Boiler House Press, chosen by Philip Langeskov

This Paradise by Ruby Cowling
This is a book to set the mind free - no bad thing in present circumstances. Exquisitely written and audaciously imagined, here are eleven stories that pulse with the particular energies of our time, asking questions about the conditions under which we live and asking us to think about how we might live differently in the future.

Animalia Paradoxa by Henrietta Rose-Innes
Animalia Paradoxa comes to us from a world that, for all its strangeness, once seemed very familiar. It's a world in which people travel back and forth across continents, in which people have intimate encounters, in which lives are freighted with submerged desires and the heavy burden of memory. Henrietta Rose-Innes is one of South Africa's finest contemporary writers; once you've read this, you'll understand why.
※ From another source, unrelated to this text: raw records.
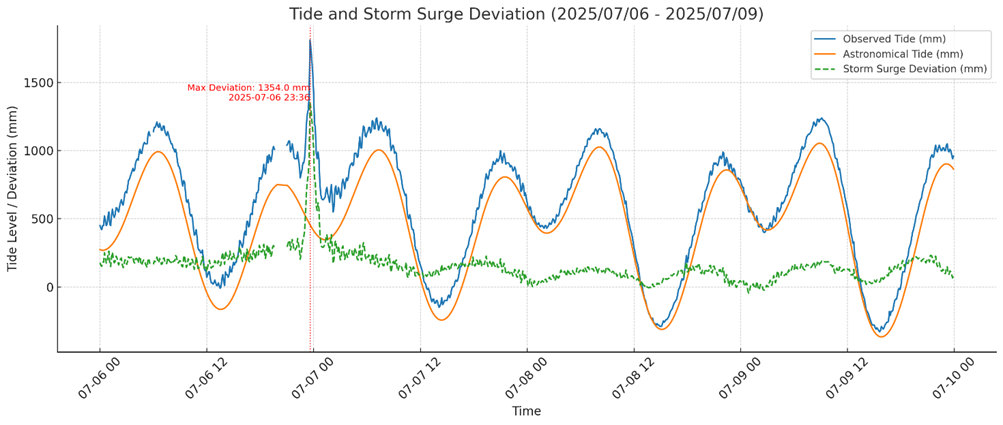 圖八 將軍潮位站之潮位觀測資料、天文潮資料與暴潮偏差(2025/07/06~07/09)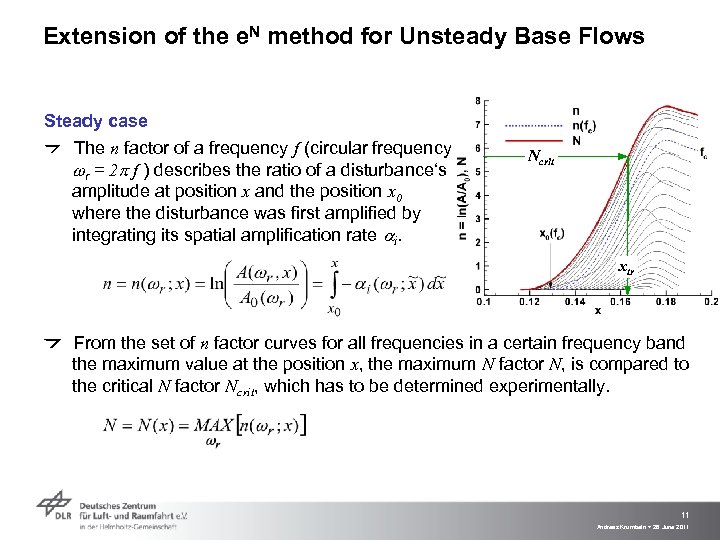 Extension of the e. N method for Unsteady Base Flows Steady case The n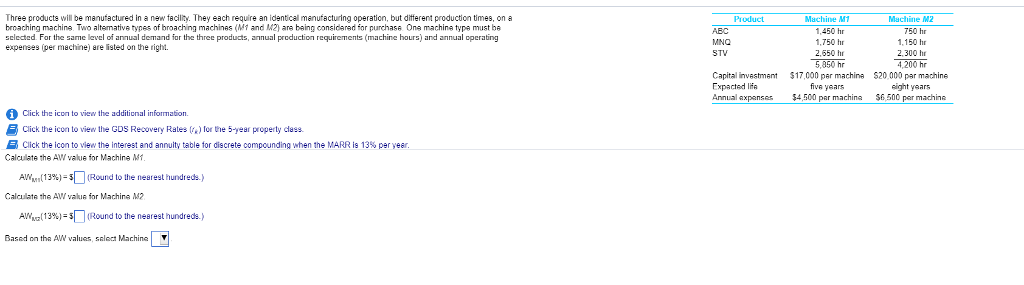 Three products will be manufactured in a new facility. They each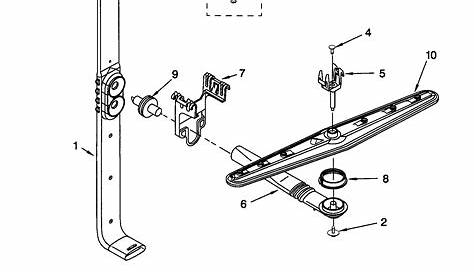 Sears Kenmore Dishwasher Model 665 Manual - casesggett
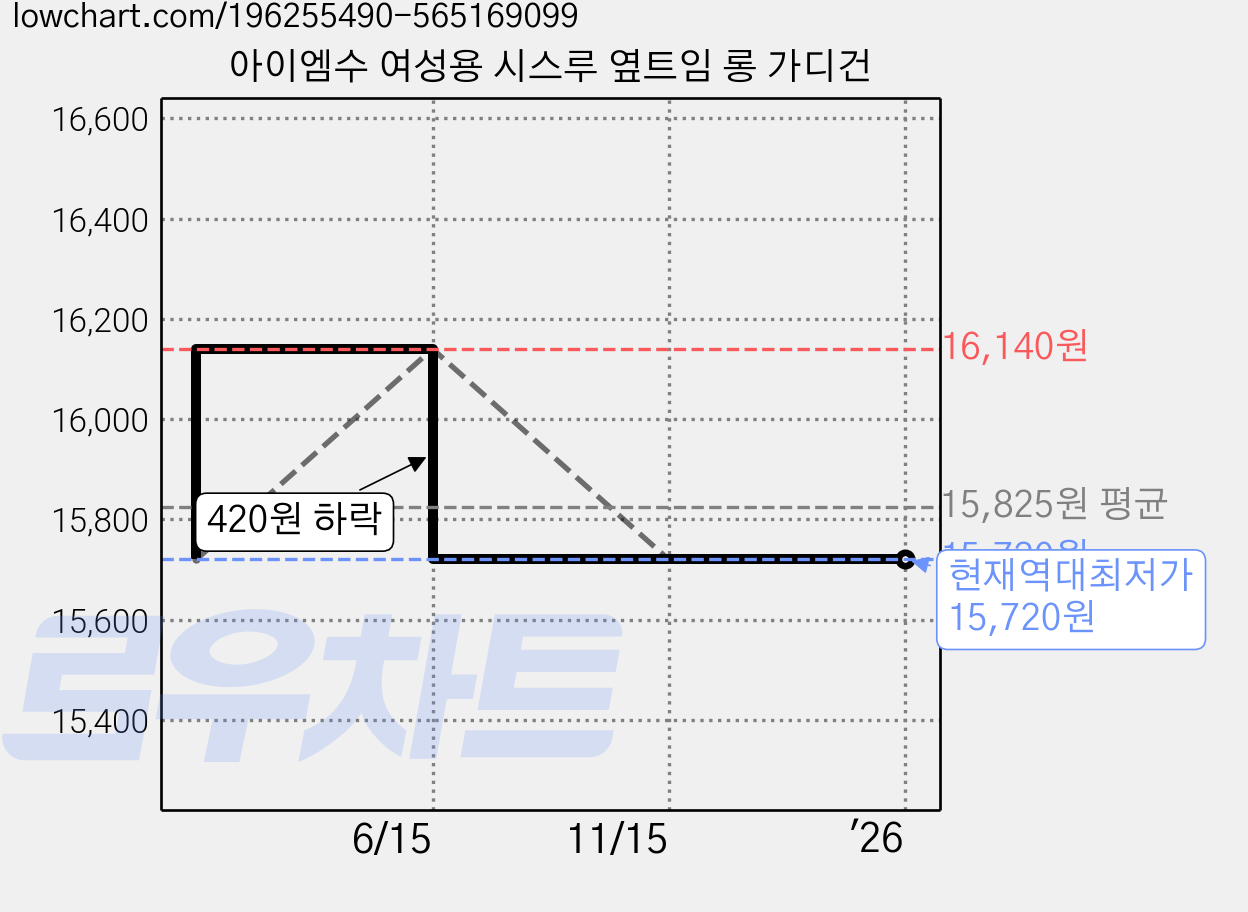 아이엠수 여성용 시스루 옆트임 롱 가디건 가격 변동 차트, 현재가 15,720원, 역대최저가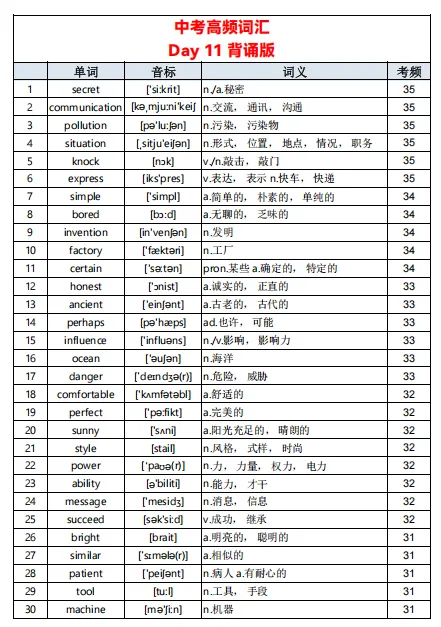 中考英语单词不用死记硬背!23 天高频词清单,初中生直接背 第12张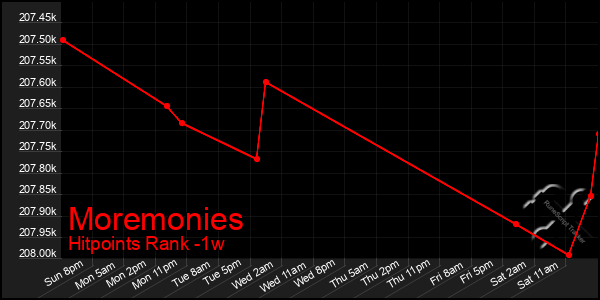 Last 7 Days Graph of Moremonies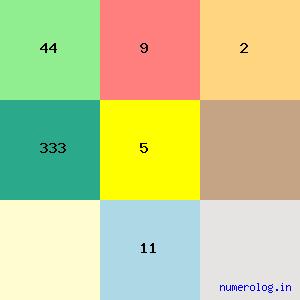 Nataraja Ramakrishna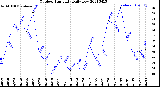 Milwaukee Weather Outdoor Humidity<br>Daily Low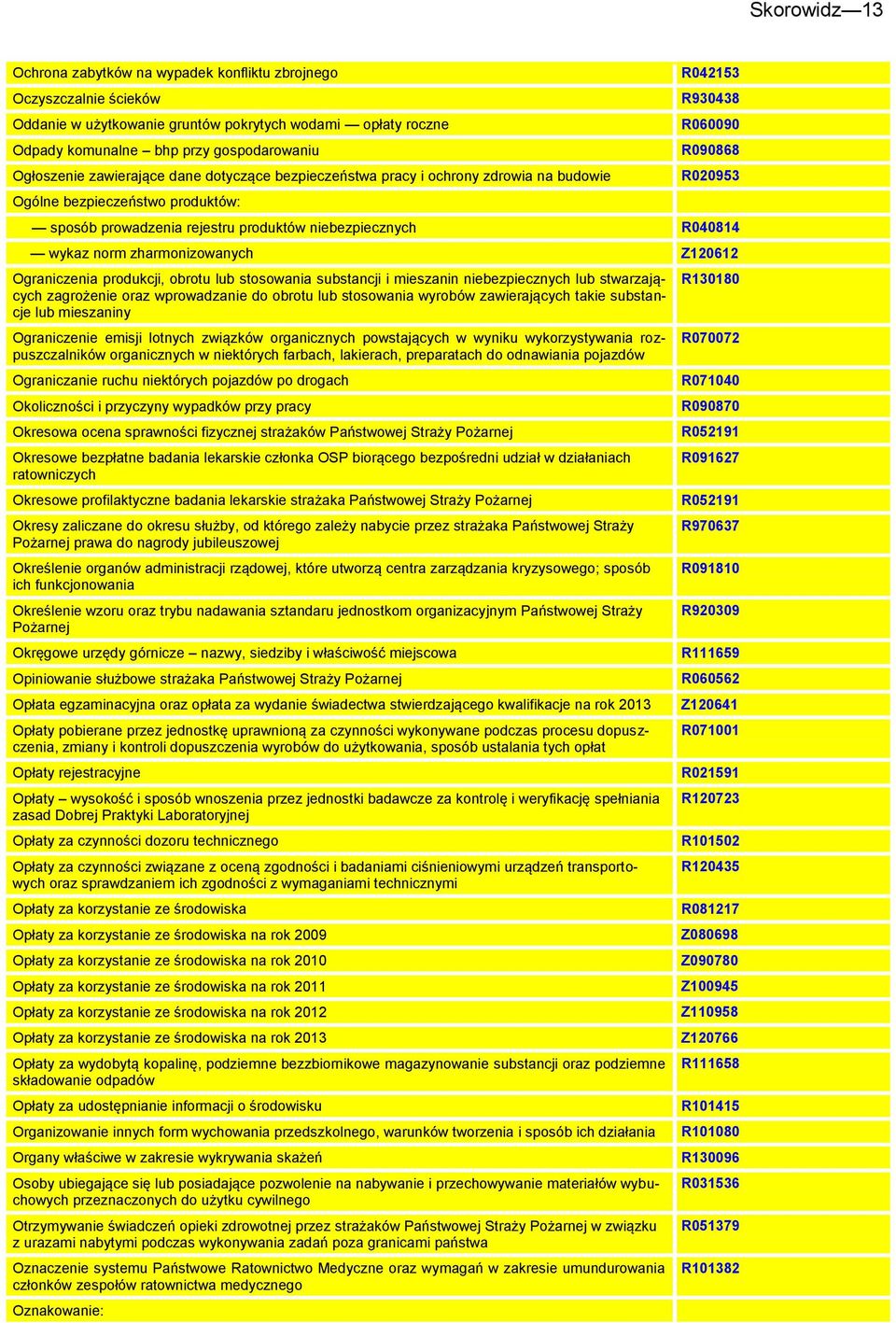 niebezpiecznych R040814 wykaz norm zharmonizowanych Z120612 Ograniczenia produkcji, obrotu lub stosowania substancji i mieszanin niebezpiecznych lub stwarzających zagrożenie oraz wprowadzanie do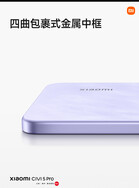 (Źródło obrazu: Xiaomi)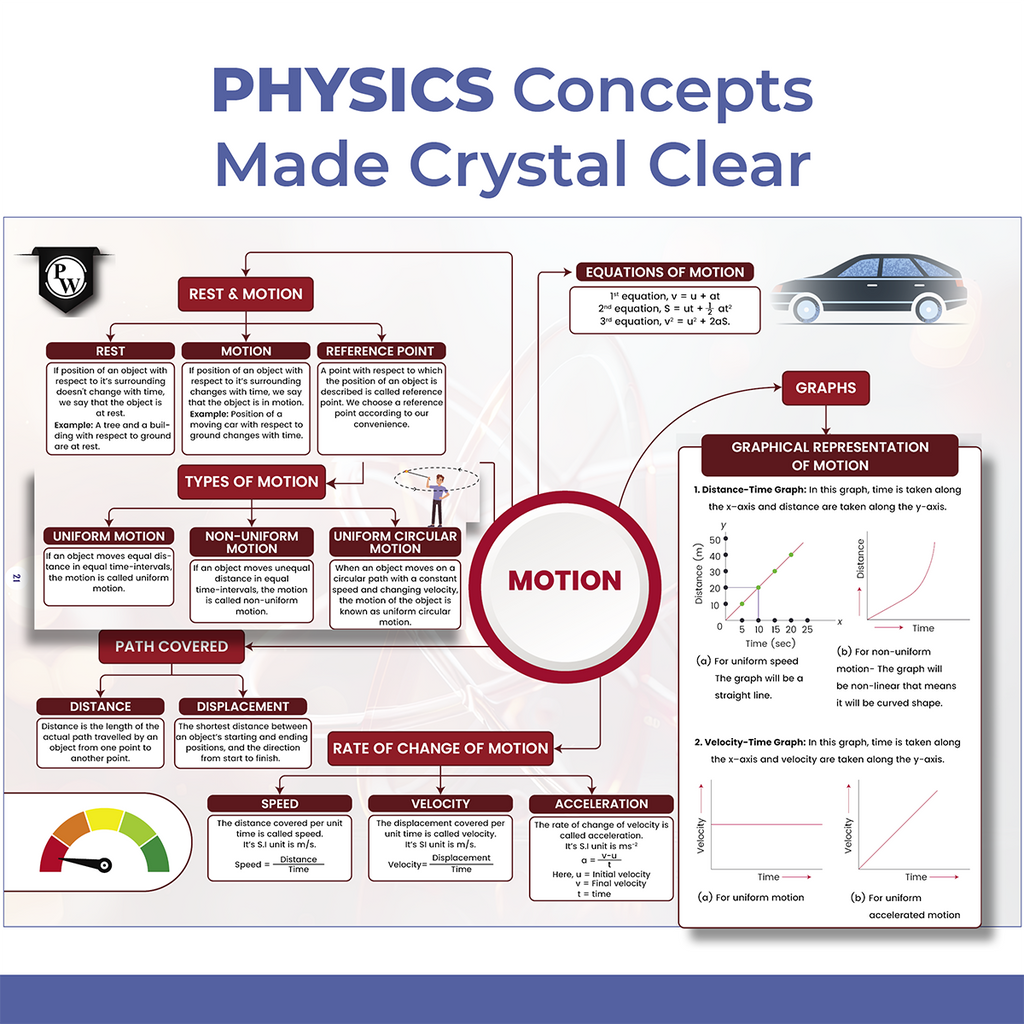 CBSE Class 9 Project 45 Mind Maps For 2025-26 Exams | Science, English, Maths, Social Science | Revision Book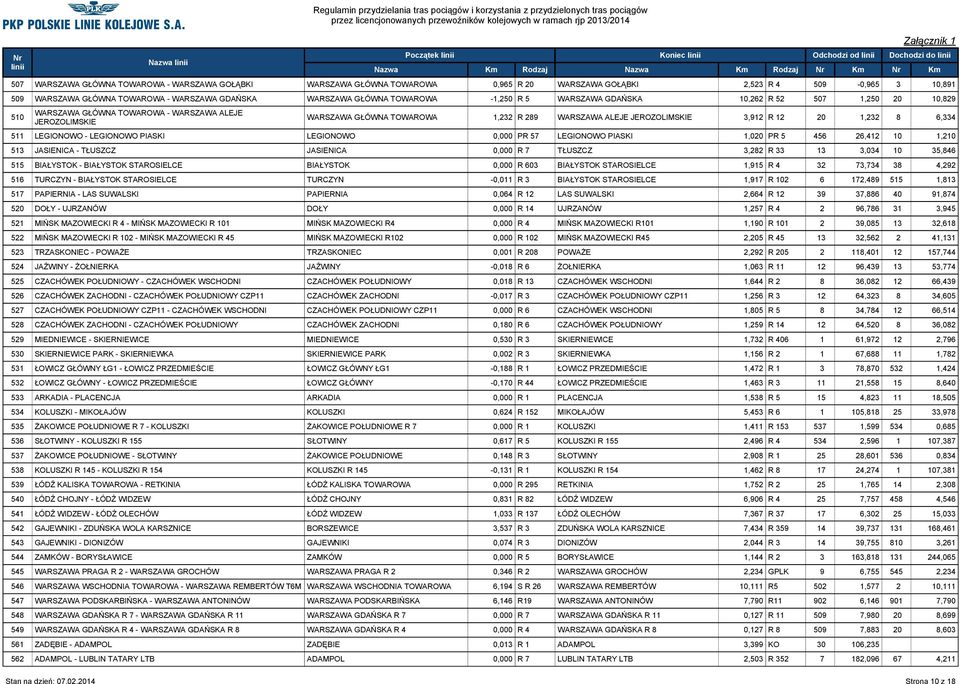 WARSZAWA ALEJE JEROZOLIMSKIE 3,912 R 12 20 1,232 8 6,334 511 LEGIONOWO - LEGIONOWO PIASKI LEGIONOWO 0,000 PR 57 LEGIONOWO PIASKI 1,020 PR 5 456 26,412 10 1,210 513 JASIENICA - TŁUSZCZ JASIENICA 0,000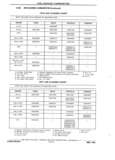 Previous Page - Chassis and Body Parts Catalog P&A 11 April 1981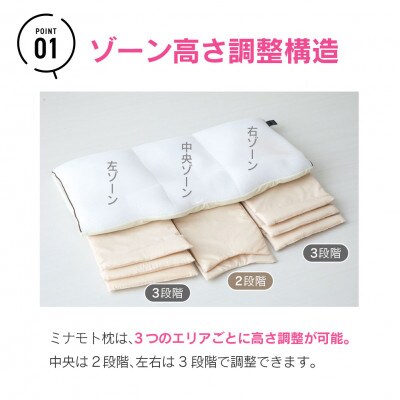 ミナモト枕 源ベッド×日の本寝具コラボ枕 ALLパイプタイプ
Boiler House Press Poetry, chosen Nathan Hamilton 

Rabbit by Sophie Robinson 
This is the long-awaited third collection from Sophie Robinson - one of the UK’s finest, most virtuosic of modern lyric poets, and one of UEA’s own creative writing academics to boot. These poems will transport the lockdown reader on surprising journeys of healing, hard-won amid personal and social vicissitudes – including triumph over addiction, and alcoholism – and open spaces in which to share in emotional, quasi-spiritual transcendence. Perfect for conquering any isolation blues. It was a stand-out poetry title from 2018 and was chosen for the PBS Wild Card Choice for Winter, 2018.

of sirens, body & faultlines by Nat Raha
This highly experimental book of prophecy against the Brexit era rises from a post-2008 London, where crisis and austerity meet the vanity projects of the super-rich. Committed to the immediacy of a present that is precarious and evermore under surveillance, and attends to queer, transfeminist and people of colour counter-memories and histories. It seeks new expressions of desire and modes of breath, pushing against the gravities that would rather these lives and worlds disappear, all of which will be felt the more keenly in the present and post Covid-19 moment.